→ **Activity**
When you copy from the entries that follow, take only the lines from the one with "新站SEO优化指南基础步骤与实操方法" down to the one with "Callie Cat op Sofa Magneet (Voorkant)", keeping both ends and dropping every picture.

++++ Data section

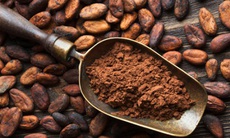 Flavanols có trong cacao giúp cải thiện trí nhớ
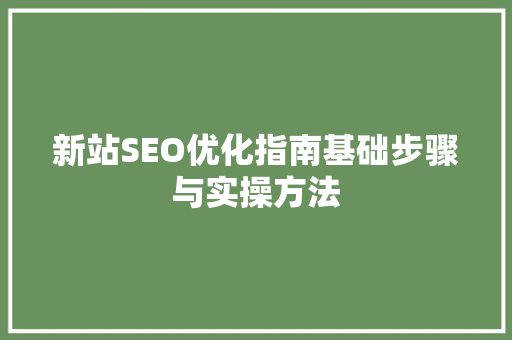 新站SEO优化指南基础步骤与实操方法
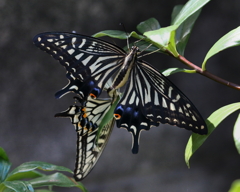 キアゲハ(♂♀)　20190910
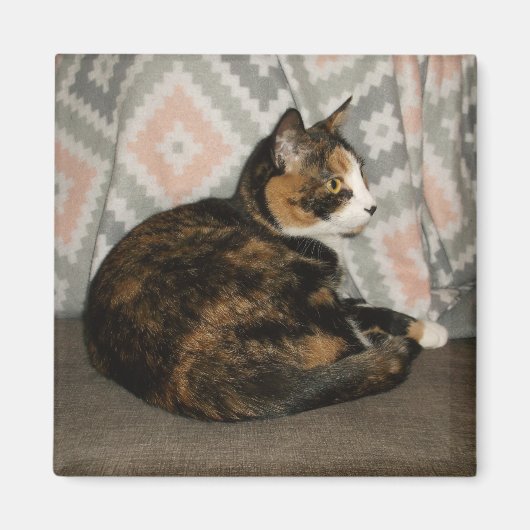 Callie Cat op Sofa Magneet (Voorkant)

++++++++
++++ Data section

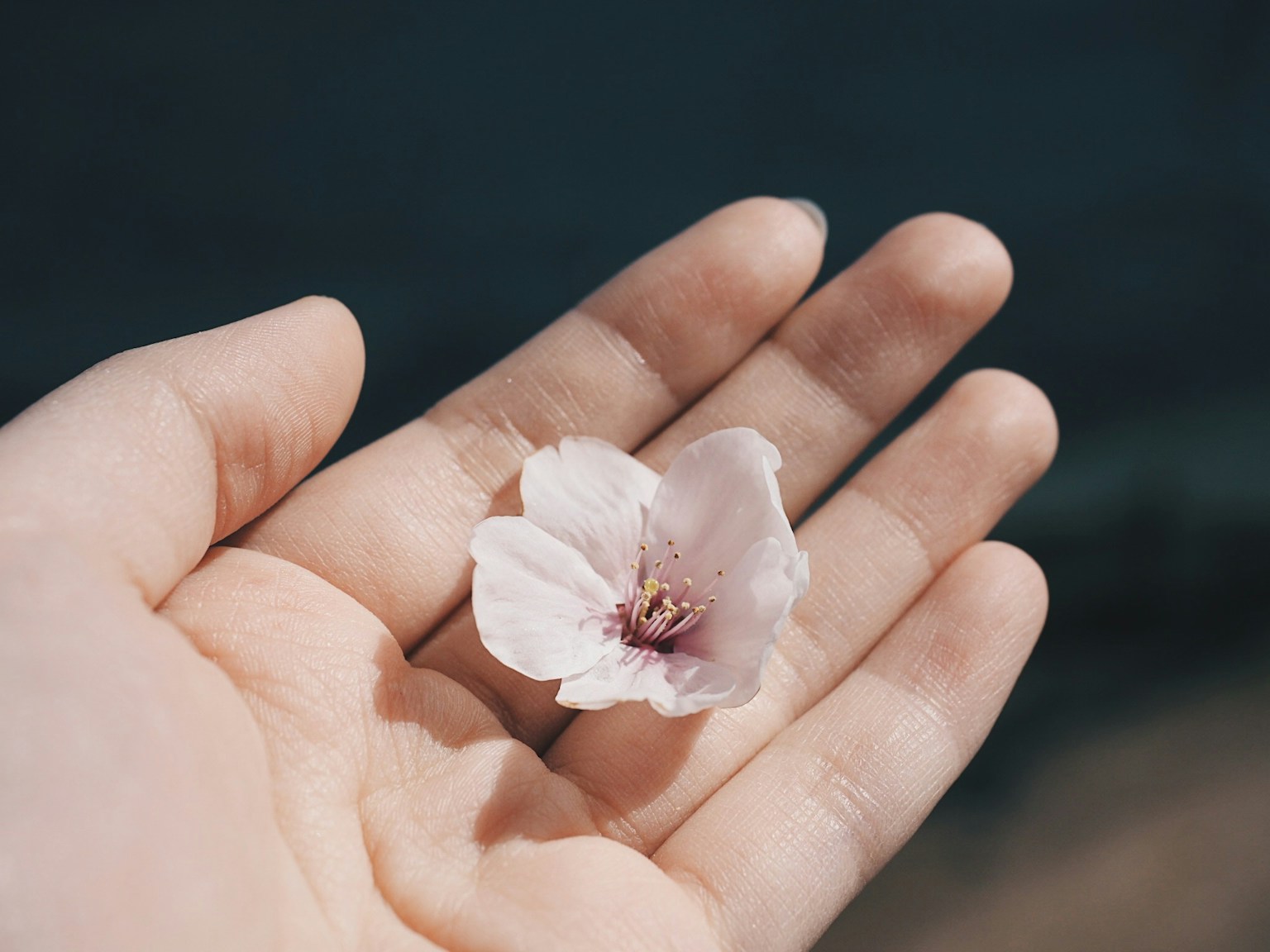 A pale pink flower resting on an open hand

++++++++

→ **Your solution**
 新站SEO优化指南基础步骤与实操方法
 キアゲハ(♂♀)　20190910
 Callie Cat op Sofa Magneet (Voorkant)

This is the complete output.